[PROBLEM TO WORK ON] Here are the records. Write out exactly the lines between the one holding "Vintage Warner Brothers" and the one holding "MS license plate ZKG315", inclusive.

++++++++

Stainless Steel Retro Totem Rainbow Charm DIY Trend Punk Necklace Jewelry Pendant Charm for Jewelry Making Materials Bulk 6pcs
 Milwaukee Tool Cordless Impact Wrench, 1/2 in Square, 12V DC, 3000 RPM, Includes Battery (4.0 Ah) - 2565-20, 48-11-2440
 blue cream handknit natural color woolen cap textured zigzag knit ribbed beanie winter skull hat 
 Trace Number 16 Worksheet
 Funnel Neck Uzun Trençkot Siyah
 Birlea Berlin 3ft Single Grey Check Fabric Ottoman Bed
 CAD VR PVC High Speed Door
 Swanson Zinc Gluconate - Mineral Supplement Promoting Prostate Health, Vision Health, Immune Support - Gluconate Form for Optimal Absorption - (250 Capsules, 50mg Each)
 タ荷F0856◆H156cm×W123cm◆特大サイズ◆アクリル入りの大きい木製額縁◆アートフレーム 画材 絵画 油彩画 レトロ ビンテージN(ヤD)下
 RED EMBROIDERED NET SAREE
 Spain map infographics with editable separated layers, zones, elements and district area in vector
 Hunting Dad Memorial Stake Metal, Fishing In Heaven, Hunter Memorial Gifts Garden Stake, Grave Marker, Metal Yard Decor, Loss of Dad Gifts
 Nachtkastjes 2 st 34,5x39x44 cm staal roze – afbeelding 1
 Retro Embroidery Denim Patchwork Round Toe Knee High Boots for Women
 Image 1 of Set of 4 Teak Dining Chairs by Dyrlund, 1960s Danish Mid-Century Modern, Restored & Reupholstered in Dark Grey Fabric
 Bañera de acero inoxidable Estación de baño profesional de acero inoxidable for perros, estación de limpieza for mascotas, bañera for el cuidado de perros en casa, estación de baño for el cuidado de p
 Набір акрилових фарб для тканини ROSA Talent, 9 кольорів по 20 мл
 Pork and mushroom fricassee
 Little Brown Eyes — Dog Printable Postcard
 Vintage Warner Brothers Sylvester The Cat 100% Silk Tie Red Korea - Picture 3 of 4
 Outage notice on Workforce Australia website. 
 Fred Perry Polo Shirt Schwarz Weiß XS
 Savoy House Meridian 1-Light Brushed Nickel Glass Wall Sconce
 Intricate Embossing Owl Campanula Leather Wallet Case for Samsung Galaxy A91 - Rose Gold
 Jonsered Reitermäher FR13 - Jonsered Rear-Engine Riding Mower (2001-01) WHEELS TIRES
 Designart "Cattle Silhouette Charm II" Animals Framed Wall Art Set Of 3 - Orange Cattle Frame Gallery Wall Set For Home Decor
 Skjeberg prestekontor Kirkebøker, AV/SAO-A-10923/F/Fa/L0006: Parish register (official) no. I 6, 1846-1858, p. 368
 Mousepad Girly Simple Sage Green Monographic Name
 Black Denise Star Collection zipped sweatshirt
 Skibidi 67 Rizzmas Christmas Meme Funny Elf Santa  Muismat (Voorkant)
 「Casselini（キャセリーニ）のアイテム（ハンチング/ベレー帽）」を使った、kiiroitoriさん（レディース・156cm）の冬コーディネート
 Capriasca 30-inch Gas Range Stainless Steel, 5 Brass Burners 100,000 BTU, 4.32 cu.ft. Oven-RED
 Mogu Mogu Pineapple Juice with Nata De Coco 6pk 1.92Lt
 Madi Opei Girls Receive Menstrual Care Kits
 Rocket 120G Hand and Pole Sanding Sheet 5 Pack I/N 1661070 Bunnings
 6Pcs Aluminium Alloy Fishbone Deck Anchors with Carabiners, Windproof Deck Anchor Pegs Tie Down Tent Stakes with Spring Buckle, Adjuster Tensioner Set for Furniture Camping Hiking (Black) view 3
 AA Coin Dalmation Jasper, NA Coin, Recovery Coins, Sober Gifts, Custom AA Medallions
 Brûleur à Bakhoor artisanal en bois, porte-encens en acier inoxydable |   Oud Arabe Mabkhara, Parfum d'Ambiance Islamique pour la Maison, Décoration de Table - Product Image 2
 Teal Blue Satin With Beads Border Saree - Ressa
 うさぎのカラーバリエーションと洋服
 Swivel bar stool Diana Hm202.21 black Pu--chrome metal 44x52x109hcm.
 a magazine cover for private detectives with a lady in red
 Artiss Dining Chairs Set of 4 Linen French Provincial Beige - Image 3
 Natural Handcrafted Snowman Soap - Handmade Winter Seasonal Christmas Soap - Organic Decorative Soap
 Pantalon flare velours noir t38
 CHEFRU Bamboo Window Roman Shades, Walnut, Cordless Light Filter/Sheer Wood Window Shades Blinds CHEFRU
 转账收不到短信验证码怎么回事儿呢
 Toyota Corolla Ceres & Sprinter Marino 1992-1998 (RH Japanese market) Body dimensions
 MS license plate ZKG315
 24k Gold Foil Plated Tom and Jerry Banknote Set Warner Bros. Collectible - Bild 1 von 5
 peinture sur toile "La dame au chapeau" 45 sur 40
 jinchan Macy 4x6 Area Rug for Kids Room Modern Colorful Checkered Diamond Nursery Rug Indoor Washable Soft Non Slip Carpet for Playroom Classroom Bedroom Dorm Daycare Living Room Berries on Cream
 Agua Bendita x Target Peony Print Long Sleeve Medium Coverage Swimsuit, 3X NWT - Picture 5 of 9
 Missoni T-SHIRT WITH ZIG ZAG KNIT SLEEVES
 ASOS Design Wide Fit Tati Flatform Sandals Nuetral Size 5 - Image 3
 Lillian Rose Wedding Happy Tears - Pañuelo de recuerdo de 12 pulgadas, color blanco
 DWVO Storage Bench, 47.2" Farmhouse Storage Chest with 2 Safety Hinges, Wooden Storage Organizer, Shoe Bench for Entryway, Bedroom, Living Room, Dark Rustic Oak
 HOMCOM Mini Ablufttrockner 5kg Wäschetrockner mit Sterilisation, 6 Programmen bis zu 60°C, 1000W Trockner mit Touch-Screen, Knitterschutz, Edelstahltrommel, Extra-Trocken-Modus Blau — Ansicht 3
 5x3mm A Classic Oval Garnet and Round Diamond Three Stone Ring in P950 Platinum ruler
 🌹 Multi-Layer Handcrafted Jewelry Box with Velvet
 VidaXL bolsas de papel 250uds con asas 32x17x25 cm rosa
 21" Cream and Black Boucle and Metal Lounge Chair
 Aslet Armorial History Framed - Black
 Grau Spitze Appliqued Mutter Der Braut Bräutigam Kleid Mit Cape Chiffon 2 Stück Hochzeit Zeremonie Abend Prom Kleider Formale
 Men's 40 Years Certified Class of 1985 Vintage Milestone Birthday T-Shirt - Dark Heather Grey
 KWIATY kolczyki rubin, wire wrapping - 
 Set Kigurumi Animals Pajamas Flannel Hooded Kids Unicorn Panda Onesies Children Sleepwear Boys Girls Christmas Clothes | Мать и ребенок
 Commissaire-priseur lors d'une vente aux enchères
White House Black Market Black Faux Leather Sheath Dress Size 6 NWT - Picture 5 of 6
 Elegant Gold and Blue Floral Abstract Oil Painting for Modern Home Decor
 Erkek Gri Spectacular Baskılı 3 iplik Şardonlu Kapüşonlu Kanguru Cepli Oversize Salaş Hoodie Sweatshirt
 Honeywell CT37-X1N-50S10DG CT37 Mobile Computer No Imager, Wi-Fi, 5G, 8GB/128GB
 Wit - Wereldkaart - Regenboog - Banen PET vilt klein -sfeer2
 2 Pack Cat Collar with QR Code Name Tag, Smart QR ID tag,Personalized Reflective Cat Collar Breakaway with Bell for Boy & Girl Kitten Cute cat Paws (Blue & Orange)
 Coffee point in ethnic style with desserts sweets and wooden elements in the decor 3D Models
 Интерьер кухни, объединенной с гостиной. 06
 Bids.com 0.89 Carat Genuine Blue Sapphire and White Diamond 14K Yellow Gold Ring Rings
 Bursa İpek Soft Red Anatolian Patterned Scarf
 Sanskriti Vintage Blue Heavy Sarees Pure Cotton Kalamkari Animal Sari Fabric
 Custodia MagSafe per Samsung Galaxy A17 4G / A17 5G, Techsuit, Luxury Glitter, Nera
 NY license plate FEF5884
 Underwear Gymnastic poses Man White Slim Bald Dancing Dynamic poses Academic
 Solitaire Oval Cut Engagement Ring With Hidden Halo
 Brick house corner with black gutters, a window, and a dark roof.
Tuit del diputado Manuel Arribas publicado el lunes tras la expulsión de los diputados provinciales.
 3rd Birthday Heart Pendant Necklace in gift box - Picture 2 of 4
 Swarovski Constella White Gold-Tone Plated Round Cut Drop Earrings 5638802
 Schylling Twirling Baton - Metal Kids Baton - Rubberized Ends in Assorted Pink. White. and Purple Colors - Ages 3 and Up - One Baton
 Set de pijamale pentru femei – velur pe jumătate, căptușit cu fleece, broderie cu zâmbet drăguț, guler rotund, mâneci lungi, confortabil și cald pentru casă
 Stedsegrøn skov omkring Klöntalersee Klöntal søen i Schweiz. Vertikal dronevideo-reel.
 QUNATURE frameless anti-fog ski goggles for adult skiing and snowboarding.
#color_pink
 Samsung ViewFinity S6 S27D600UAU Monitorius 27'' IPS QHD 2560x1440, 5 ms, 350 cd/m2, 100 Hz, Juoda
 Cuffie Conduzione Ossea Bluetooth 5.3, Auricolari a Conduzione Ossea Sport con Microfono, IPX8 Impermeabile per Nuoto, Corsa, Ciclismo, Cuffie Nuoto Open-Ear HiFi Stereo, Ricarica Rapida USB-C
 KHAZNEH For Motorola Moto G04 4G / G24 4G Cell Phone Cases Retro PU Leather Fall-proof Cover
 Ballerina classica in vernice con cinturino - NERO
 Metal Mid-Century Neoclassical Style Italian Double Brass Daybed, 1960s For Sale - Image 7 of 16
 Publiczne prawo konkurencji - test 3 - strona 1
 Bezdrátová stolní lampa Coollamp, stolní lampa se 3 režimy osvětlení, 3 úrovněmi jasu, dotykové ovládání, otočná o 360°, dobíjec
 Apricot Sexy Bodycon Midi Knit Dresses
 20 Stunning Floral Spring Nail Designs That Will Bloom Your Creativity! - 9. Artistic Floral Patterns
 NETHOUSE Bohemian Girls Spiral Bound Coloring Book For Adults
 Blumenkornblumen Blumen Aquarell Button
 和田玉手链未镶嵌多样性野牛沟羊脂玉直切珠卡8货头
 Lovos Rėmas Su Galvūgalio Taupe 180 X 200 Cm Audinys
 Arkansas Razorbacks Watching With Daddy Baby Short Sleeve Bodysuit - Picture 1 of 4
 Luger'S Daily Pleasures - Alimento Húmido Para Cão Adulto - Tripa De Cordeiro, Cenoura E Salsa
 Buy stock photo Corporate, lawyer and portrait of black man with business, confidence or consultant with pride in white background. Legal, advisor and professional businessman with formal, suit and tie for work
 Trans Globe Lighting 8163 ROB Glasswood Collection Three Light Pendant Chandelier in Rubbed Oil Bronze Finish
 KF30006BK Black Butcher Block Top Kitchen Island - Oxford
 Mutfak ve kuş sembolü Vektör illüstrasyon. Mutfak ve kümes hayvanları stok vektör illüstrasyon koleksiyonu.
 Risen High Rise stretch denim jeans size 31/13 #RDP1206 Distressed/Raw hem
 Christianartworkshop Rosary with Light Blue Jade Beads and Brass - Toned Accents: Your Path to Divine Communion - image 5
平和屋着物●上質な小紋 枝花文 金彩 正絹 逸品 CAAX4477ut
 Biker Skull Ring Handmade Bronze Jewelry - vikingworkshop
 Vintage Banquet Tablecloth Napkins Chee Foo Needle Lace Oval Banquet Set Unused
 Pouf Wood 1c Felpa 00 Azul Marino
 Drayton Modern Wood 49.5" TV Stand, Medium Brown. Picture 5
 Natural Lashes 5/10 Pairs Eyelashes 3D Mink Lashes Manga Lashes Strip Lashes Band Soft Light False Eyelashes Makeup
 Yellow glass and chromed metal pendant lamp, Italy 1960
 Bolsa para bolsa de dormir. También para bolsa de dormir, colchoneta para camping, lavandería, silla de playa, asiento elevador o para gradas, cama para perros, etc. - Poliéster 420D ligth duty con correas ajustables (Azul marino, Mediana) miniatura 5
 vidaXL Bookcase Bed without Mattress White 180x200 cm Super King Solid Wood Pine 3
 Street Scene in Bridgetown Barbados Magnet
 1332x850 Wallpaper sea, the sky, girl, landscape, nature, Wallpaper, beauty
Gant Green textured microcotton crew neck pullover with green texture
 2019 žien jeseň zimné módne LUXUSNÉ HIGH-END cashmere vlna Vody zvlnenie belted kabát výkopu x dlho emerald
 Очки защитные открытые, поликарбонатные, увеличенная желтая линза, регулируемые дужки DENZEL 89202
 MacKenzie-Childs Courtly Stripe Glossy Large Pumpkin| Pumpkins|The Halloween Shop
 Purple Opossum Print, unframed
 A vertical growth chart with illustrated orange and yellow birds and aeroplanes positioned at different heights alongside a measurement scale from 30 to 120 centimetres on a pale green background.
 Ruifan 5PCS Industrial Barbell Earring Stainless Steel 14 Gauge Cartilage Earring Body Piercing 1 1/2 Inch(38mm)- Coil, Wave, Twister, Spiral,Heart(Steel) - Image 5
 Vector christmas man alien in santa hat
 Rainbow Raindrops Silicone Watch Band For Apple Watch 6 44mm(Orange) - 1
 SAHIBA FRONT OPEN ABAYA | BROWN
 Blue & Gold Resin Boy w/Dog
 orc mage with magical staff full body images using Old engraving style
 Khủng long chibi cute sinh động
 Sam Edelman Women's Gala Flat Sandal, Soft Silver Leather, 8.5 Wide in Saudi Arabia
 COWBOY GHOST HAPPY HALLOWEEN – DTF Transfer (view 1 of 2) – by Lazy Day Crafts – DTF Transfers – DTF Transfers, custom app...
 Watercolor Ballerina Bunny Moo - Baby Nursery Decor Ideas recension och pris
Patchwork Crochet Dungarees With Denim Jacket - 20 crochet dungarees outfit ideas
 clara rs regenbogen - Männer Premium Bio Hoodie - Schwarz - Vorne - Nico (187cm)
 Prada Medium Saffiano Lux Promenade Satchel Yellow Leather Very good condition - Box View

++++++++

[YOUR SOLUTION]
 Vintage Warner Brothers Sylvester The Cat 100% Silk Tie Red Korea - Picture 3 of 4
 Outage notice on Workforce Australia website. 
 Fred Perry Polo Shirt Schwarz Weiß XS
 Savoy House Meridian 1-Light Brushed Nickel Glass Wall Sconce
 Intricate Embossing Owl Campanula Leather Wallet Case for Samsung Galaxy A91 - Rose Gold
 Jonsered Reitermäher FR13 - Jonsered Rear-Engine Riding Mower (2001-01) WHEELS TIRES
 Designart "Cattle Silhouette Charm II" Animals Framed Wall Art Set Of 3 - Orange Cattle Frame Gallery Wall Set For Home Decor
 Skjeberg prestekontor Kirkebøker, AV/SAO-A-10923/F/Fa/L0006: Parish register (official) no. I 6, 1846-1858, p. 368
 Mousepad Girly Simple Sage Green Monographic Name
 Black Denise Star Collection zipped sweatshirt
 Skibidi 67 Rizzmas Christmas Meme Funny Elf Santa  Muismat (Voorkant)
 「Casselini（キャセリーニ）のアイテム（ハンチング/ベレー帽）」を使った、kiiroitoriさん（レディース・156cm）の冬コーディネート
 Capriasca 30-inch Gas Range Stainless Steel, 5 Brass Burners 100,000 BTU, 4.32 cu.ft. Oven-RED
 Mogu Mogu Pineapple Juice with Nata De Coco 6pk 1.92Lt
 Madi Opei Girls Receive Menstrual Care Kits
 Rocket 120G Hand and Pole Sanding Sheet 5 Pack I/N 1661070 Bunnings
 6Pcs Aluminium Alloy Fishbone Deck Anchors with Carabiners, Windproof Deck Anchor Pegs Tie Down Tent Stakes with Spring Buckle, Adjuster Tensioner Set for Furniture Camping Hiking (Black) view 3
 AA Coin Dalmation Jasper, NA Coin, Recovery Coins, Sober Gifts, Custom AA Medallions
 Brûleur à Bakhoor artisanal en bois, porte-encens en acier inoxydable |   Oud Arabe Mabkhara, Parfum d'Ambiance Islamique pour la Maison, Décoration de Table - Product Image 2
 Teal Blue Satin With Beads Border Saree - Ressa
 うさぎのカラーバリエーションと洋服
 Swivel bar stool Diana Hm202.21 black Pu--chrome metal 44x52x109hcm.
 a magazine cover for private detectives with a lady in red
 Artiss Dining Chairs Set of 4 Linen French Provincial Beige - Image 3
 Natural Handcrafted Snowman Soap - Handmade Winter Seasonal Christmas Soap - Organic Decorative Soap
 Pantalon flare velours noir t38
 CHEFRU Bamboo Window Roman Shades, Walnut, Cordless Light Filter/Sheer Wood Window Shades Blinds CHEFRU
 转账收不到短信验证码怎么回事儿呢
 Toyota Corolla Ceres & Sprinter Marino 1992-1998 (RH Japanese market) Body dimensions
 MS license plate ZKG315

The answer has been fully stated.